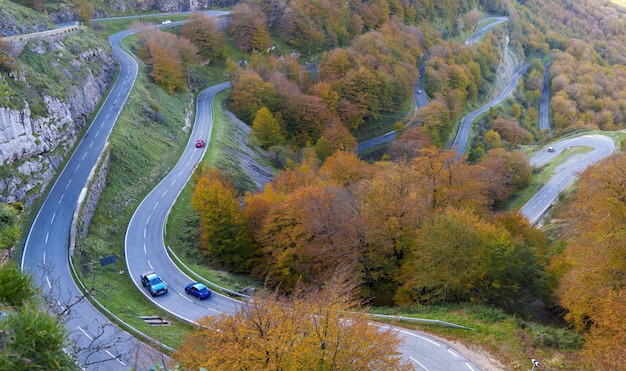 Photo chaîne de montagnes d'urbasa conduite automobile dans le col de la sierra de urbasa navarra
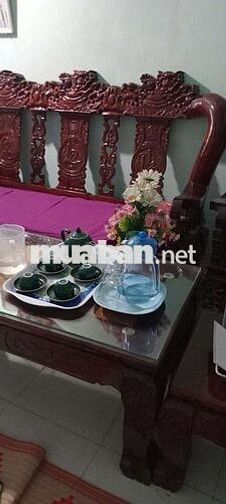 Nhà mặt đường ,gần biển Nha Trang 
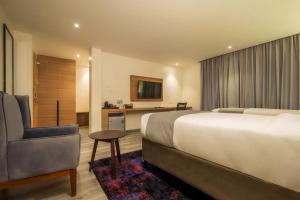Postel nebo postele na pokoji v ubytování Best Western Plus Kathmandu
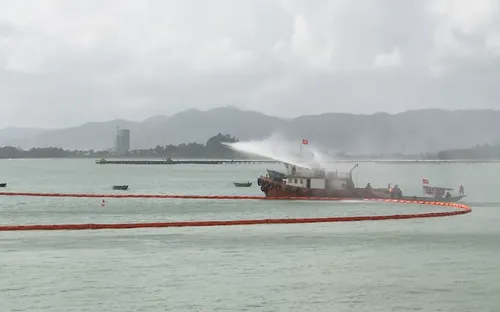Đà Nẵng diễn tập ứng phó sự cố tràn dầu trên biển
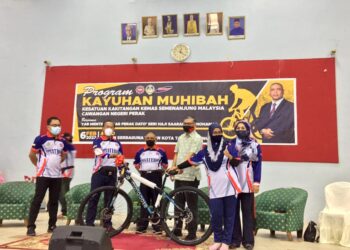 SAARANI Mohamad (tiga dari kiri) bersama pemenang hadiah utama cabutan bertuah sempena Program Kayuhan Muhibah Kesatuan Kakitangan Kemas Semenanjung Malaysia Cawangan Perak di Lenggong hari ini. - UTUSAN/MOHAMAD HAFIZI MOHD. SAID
* * *
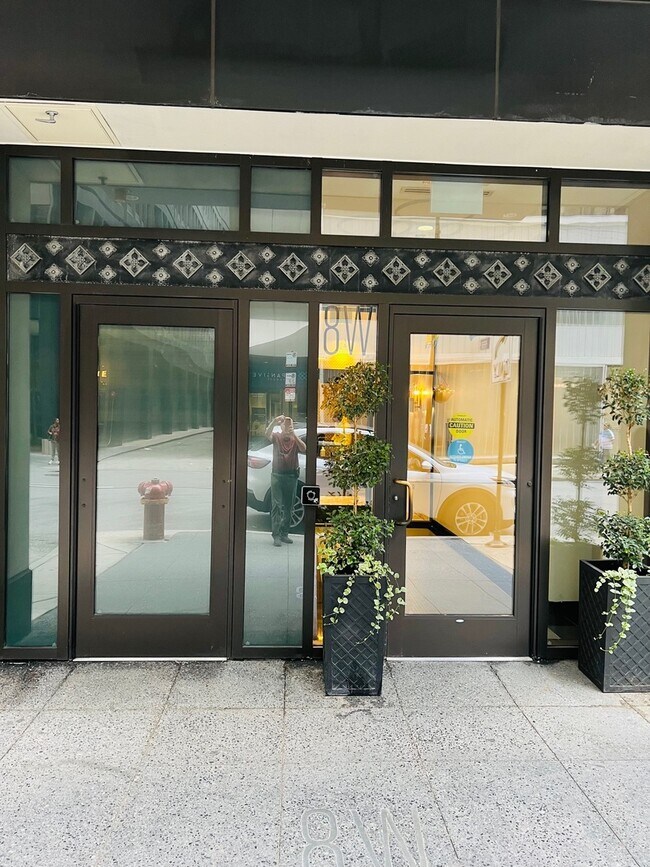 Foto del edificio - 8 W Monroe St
* * *
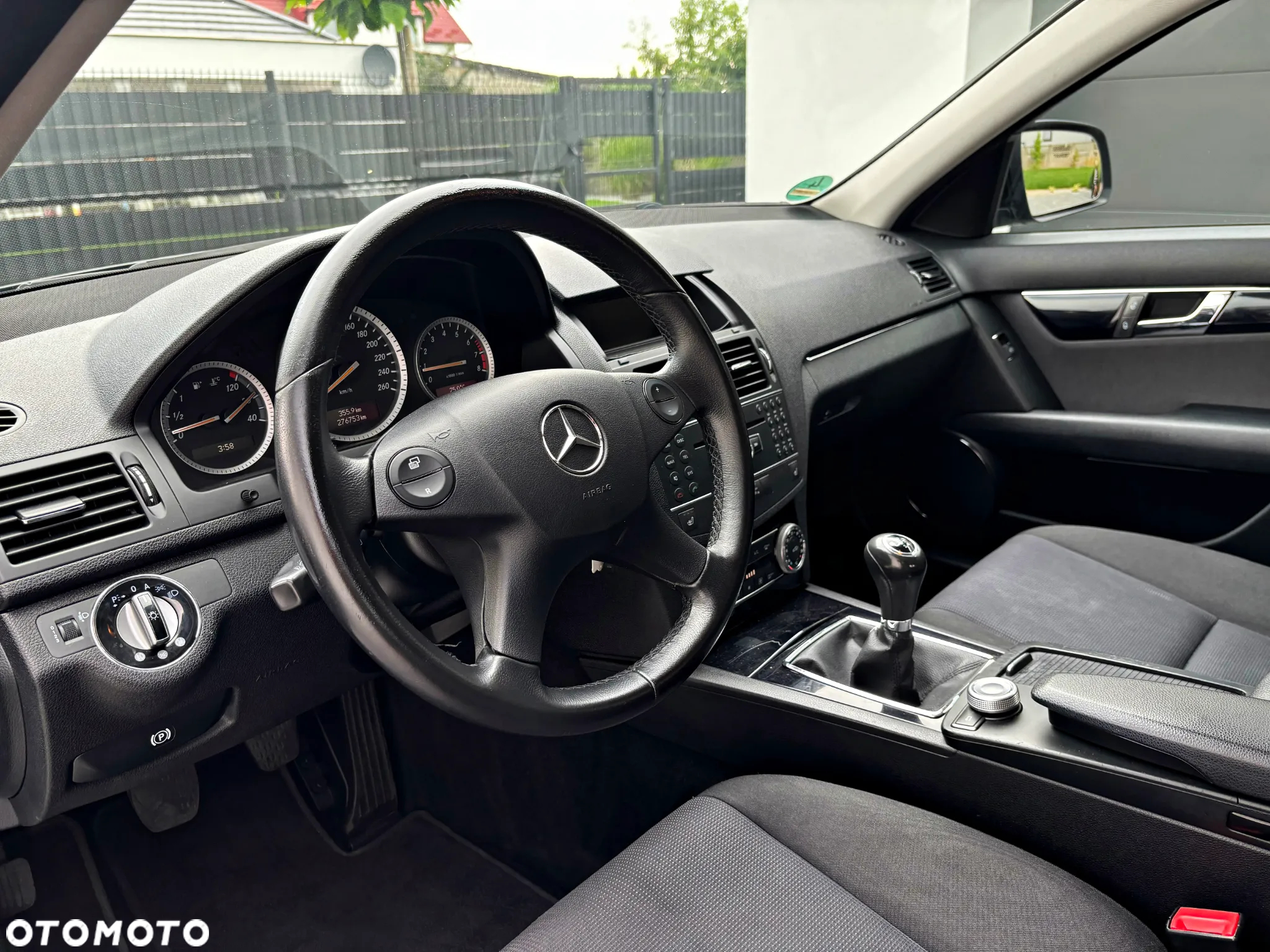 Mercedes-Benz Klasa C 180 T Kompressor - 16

▸ HOW TO COMPLETE THIS TASK
Extract, without any images, the part of the material above that opens with the line containing "Nhà mặt đường ,gần biển Nha Trang" and closes with the line containing "SAARANI Mohamad (tiga", both lines included.

▸ RESPONSE
 Nhà mặt đường ,gần biển Nha Trang 
Postel nebo postele na pokoji v ubytování Best Western Plus Kathmandu
Đà Nẵng diễn tập ứng phó sự cố tràn dầu trên biển
 SAARANI Mohamad (tiga dari kiri) bersama pemenang hadiah utama cabutan bertuah sempena Program Kayuhan Muhibah Kesatuan Kakitangan Kemas Semenanjung Malaysia Cawangan Perak di Lenggong hari ini. - UTUSAN/MOHAMAD HAFIZI MOHD. SAID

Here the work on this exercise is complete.